Produce a word-for-word copy of the data that follows, excluding images.

_COLLECTED MATERIAL_

--- START ---

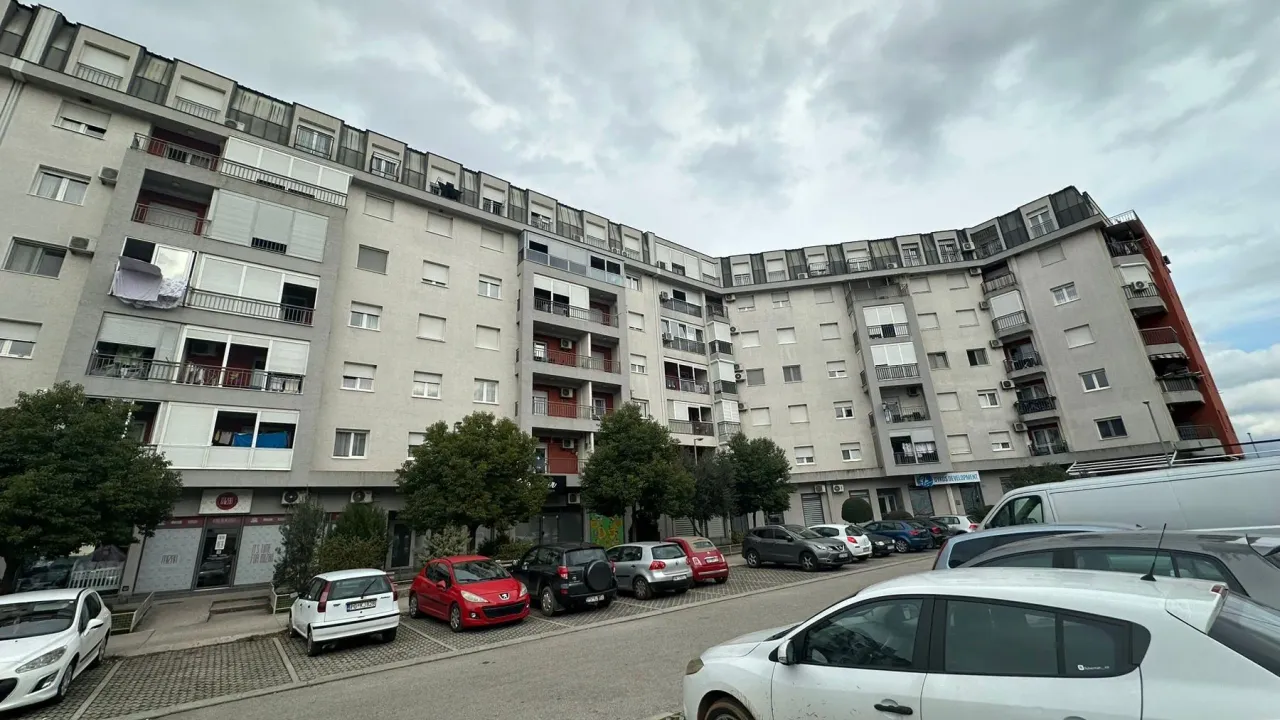 Izdavanje, poslovni prostor, 100m², Stari Aerodrom, Podgorica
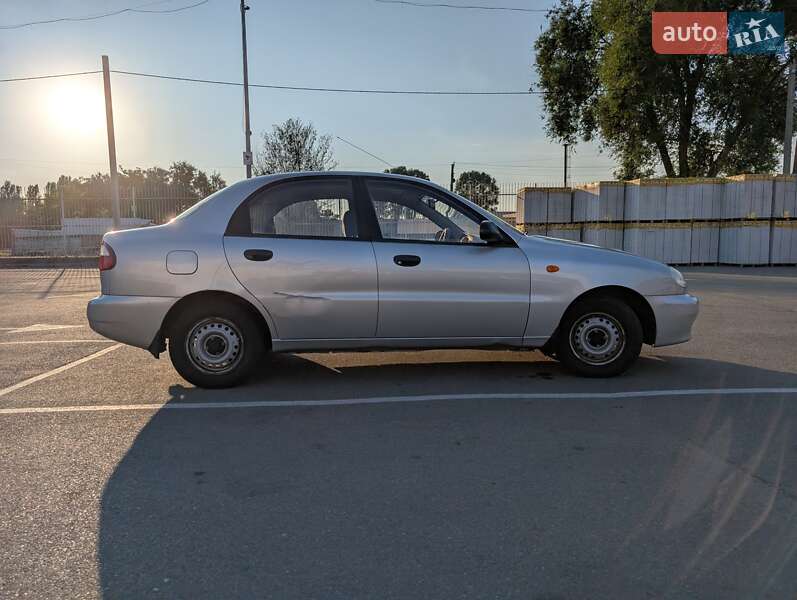 Седан Daewoo Lanos 2005 в Днепре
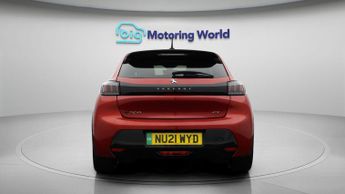 Peugeot E-208 GT PREMIUM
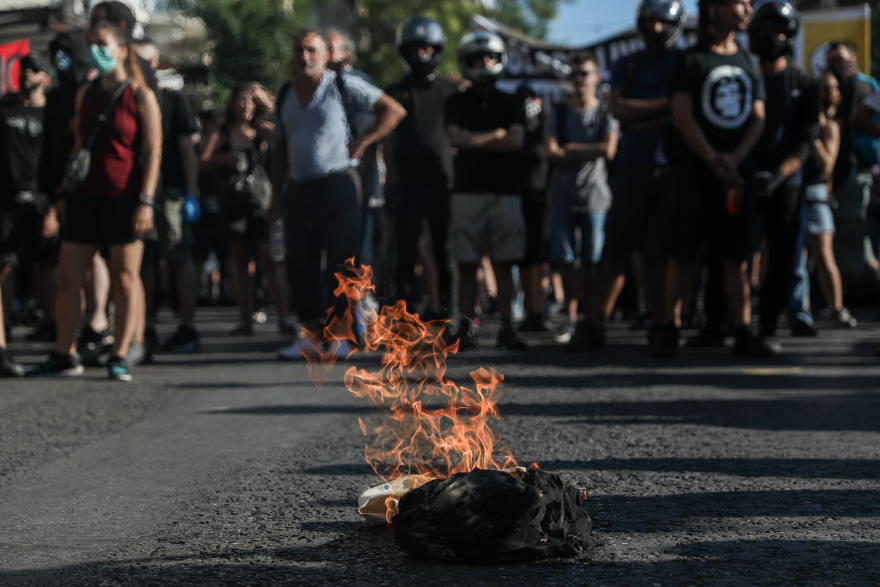 Επεισόδια έξω από την ΑΣΟΕΕ - Τρεις συλλήψεις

--- END ---

_TASK RESULT_
 Izdavanje, poslovni prostor, 100m², Stari Aerodrom, Podgorica
 Седан Daewoo Lanos 2005 в Днепре
 Peugeot E-208 GT PREMIUM
 Επεισόδια έξω από την ΑΣΟΕΕ - Τρεις συλλήψεις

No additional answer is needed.